Top of Input material

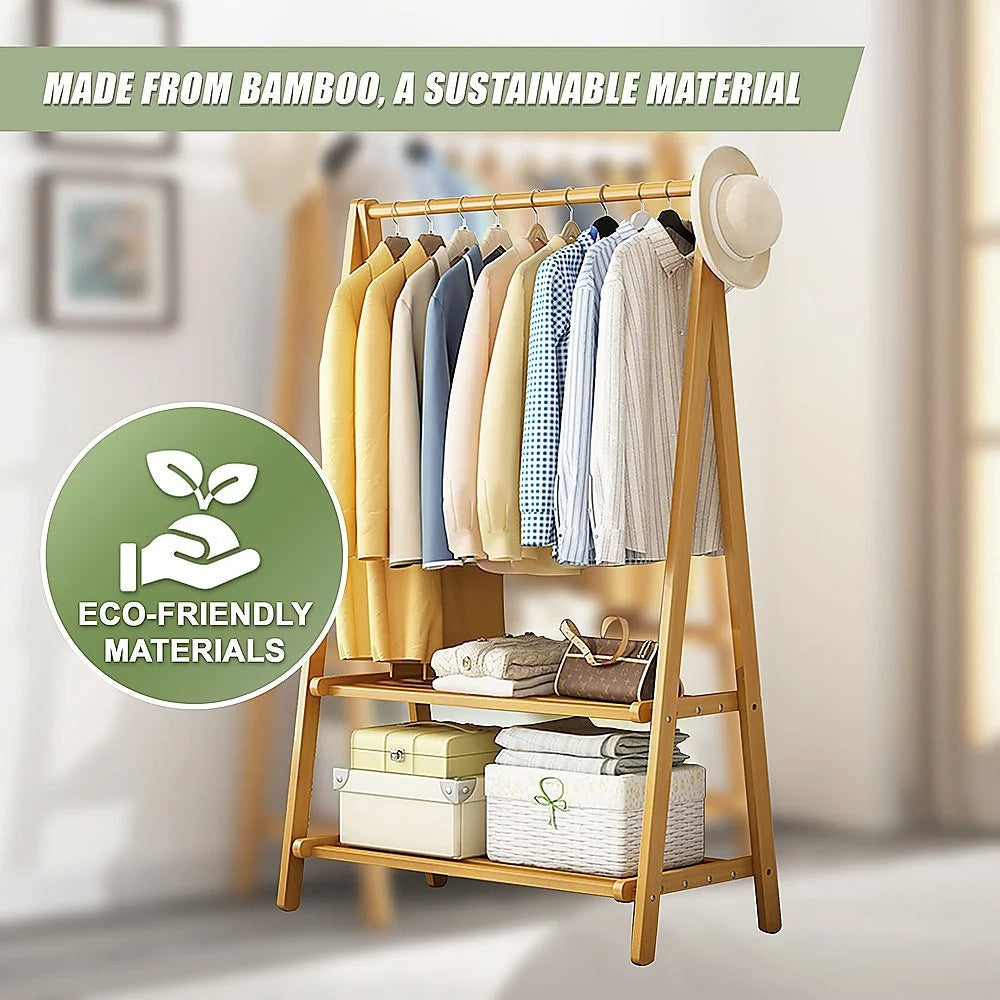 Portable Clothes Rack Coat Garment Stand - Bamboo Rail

Bottom of Input material
Top of Input material

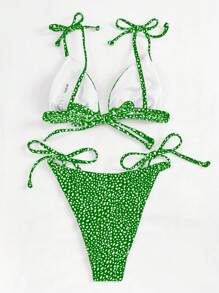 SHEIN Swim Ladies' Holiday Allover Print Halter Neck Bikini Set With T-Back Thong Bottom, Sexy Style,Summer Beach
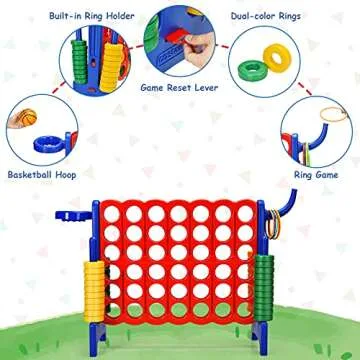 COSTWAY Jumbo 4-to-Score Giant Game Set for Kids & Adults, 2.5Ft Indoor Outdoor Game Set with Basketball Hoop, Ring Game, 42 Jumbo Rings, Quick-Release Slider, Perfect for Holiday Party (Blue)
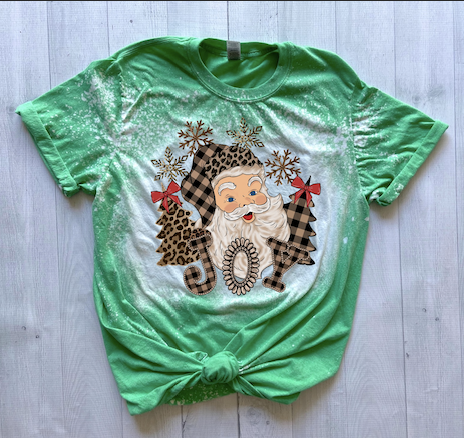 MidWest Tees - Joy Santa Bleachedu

Bottom of Input material

Your goal:
Return the lines above from the one with "COSTWAY Jumbo 4-to-Score" through the one with "MidWest Tees - Joy Santa Bleachedu", verbatim and nothing else. Omit every picture.

Written solution:
 COSTWAY Jumbo 4-to-Score Giant Game Set for Kids & Adults, 2.5Ft Indoor Outdoor Game Set with Basketball Hoop, Ring Game, 42 Jumbo Rings, Quick-Release Slider, Perfect for Holiday Party (Blue)
 MidWest Tees - Joy Santa Bleachedu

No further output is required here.